After seeing bear signs all over the Rockies we were now seeing signs telling us to drive slow for rattle snakes. The weather was very in sync with the surroundings with big blue skies and a zapping heat. At the entrance of the park was a viewpoint over the badlands. It really didn’t seem right for them to be there, how can the prairies just stop and change into an area of colourful rocky hills?

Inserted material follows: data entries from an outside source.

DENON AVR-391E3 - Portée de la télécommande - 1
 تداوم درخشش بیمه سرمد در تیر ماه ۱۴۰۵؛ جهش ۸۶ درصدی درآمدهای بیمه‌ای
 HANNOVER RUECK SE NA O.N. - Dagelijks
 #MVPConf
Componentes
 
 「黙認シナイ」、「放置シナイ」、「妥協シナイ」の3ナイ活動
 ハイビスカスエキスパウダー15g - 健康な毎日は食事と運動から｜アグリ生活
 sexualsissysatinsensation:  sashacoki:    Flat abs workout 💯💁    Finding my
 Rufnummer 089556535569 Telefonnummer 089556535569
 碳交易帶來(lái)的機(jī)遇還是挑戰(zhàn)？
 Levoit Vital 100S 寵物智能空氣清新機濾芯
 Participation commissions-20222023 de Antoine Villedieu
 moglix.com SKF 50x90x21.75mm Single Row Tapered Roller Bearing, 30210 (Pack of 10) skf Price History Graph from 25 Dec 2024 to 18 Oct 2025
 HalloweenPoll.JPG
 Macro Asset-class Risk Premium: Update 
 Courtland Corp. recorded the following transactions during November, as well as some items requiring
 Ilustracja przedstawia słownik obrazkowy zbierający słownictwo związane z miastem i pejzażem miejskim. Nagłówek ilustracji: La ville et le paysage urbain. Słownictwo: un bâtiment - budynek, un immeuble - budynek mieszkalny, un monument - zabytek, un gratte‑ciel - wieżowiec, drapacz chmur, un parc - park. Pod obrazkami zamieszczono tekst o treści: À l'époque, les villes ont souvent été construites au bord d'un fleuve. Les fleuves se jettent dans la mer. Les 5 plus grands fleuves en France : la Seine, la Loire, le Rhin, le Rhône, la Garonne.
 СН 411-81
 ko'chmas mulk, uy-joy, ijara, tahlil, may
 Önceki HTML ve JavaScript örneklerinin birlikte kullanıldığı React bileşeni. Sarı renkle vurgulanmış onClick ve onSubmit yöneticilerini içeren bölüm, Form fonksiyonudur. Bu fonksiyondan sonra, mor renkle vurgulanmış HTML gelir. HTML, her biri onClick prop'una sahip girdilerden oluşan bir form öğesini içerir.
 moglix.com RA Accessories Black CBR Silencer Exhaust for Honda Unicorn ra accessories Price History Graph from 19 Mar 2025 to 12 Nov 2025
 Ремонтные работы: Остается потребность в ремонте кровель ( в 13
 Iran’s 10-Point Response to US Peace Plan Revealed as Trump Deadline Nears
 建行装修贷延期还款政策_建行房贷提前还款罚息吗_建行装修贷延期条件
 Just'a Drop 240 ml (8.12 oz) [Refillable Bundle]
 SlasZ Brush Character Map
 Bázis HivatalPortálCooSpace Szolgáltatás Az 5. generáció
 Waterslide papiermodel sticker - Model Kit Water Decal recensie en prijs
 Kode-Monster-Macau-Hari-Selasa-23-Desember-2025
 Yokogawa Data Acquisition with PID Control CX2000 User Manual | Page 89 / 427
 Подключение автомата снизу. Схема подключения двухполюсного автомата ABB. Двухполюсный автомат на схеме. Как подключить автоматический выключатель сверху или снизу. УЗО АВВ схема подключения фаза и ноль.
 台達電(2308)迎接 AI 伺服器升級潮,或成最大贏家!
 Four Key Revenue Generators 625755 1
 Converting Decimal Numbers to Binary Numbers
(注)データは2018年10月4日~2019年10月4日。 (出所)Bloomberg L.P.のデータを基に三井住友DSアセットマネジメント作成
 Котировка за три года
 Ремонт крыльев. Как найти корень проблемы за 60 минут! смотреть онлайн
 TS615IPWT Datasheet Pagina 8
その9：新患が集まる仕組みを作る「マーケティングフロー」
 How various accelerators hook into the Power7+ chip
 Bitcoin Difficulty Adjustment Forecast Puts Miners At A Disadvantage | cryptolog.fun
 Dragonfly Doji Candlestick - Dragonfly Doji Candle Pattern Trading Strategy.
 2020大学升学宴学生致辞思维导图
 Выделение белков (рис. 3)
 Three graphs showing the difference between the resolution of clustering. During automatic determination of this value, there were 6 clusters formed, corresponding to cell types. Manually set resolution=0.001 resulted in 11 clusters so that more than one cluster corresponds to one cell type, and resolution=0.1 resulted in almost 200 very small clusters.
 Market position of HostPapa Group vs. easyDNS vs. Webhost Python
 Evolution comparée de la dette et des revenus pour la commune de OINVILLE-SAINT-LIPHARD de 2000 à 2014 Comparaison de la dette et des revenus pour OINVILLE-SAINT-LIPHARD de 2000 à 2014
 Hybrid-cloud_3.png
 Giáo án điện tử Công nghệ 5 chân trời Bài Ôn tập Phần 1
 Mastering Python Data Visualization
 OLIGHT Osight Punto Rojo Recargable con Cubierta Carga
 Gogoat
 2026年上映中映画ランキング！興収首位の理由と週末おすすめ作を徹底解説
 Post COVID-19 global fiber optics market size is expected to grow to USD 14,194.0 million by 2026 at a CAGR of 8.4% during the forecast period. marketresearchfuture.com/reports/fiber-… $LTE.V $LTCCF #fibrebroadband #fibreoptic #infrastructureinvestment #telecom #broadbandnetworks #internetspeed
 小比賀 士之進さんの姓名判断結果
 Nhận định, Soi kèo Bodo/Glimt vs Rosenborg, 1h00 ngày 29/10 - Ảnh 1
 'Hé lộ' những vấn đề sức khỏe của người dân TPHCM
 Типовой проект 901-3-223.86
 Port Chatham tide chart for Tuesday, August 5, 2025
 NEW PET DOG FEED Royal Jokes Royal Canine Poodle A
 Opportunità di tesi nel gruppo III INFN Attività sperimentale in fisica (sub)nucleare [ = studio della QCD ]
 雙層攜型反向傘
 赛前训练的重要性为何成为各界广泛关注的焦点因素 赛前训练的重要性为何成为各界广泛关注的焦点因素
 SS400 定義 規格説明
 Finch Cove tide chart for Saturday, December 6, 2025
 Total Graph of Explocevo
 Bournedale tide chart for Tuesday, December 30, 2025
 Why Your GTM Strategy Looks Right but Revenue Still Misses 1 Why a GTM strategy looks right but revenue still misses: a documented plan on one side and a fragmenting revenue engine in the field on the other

There wasn’t actually much to see in the park so we decided to walk the 3.5km scenic road instead of drive it. Silly silly people we are. We should of known when we spotted a man in his car wearing a full-body mosquito suit. We veered off the road laughing about what we’d just seen and then karma bit us in the butt, in fact she bit us everywhere. Suddenly we were surrounded by mosquitos who were quick to land and even quicker to bite. The middle area of the loop road was a free to roam area so we were venturing up on the rocky ledges and hills with no one else around…so luckily no one saw us running like hooligans and swiping the air. We slathered ourselves in mosquito repellent but it didn’t help matters much.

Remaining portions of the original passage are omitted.